The Right invests immense resources in preparing its warriors to exploit the media and blunt the academia through the likes of the Leadership Institute, the Pioneer Fund, the Heritage Foundation, Accuracy in Media, Accuracy in Academia, etc. Their focus is not critical thinking, profound scholarship or honest dialog, but simple exploitation of jargon, redundancy, spincraft and other tricks to win the battle. Mainstream journalism has been a major alibi in this process.

Jensen combines the rare insight of an ex-journalist, an activist and an academician to tell the inside story of mainstream journalism. What Chomsky and Herman tell us on a macroscopic scale in their propaganda model finds real world microscopic explanation in Jensen's work. Yet, the book is not big on theory, its primary focus remains actual dos and don'ts and how-tos of journalism. Several examples of journalistic pieces Jensen has written and gotten published add to the utility and power of the book.

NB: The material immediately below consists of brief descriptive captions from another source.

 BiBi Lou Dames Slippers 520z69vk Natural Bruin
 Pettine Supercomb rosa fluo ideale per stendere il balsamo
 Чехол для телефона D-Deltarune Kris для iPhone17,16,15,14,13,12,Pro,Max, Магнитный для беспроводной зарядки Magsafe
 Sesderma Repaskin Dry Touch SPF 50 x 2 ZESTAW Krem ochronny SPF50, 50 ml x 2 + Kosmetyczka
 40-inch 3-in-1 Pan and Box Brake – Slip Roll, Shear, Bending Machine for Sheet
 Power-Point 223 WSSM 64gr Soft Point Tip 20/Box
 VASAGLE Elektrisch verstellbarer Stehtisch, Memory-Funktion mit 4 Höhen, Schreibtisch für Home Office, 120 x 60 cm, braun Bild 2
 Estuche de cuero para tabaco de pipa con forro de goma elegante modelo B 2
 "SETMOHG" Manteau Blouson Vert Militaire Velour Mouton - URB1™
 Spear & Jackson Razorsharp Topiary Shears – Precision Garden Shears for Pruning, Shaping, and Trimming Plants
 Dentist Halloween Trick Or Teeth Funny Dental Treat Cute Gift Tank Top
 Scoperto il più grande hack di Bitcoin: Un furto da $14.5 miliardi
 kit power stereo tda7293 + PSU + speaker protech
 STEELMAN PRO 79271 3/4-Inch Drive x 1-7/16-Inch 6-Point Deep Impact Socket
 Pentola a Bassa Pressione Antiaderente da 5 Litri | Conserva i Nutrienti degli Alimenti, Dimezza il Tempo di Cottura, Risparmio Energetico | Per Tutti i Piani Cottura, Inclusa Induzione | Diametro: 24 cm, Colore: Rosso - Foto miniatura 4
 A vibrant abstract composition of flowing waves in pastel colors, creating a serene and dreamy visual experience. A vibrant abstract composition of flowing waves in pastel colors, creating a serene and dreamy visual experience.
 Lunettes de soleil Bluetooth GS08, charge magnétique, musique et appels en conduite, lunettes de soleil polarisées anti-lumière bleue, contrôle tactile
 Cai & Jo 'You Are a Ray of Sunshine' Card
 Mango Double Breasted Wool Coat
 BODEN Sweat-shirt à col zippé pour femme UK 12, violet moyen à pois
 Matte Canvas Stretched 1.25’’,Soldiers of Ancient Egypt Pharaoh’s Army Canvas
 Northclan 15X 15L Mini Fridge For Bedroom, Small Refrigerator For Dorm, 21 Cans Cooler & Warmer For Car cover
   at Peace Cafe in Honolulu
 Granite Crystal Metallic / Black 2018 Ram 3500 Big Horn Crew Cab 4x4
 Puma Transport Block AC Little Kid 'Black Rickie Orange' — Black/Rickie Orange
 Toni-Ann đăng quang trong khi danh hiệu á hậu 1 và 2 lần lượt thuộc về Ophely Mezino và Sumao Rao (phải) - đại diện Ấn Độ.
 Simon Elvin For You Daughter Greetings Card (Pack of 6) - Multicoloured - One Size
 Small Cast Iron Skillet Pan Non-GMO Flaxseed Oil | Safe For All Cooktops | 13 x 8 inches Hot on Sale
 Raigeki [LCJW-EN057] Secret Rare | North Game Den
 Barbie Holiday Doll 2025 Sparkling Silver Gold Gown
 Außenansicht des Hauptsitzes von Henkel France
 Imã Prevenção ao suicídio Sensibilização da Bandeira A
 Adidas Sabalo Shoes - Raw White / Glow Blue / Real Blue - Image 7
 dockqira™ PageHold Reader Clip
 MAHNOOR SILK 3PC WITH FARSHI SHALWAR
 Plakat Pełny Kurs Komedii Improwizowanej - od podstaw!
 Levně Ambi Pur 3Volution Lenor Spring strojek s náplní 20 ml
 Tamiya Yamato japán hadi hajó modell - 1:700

The book is useful for anyone, though the reader is assumed to be a radical throughout. Whether you are a burgeoning activist looking for practical guidance on whether, how and where to write and publish, or an experienced intellectual looking for ways to write in simple, clear and comprehensible journalistic style, this is the book for you.

A pleasant aspect of the book is Jensen's candid style that is a reflection perhaps of his radical ideology. He forcefully claims that 'any one can write' and that his success as a journalist is not due to a special gift. Journalism is a craft, and anyone can learn it.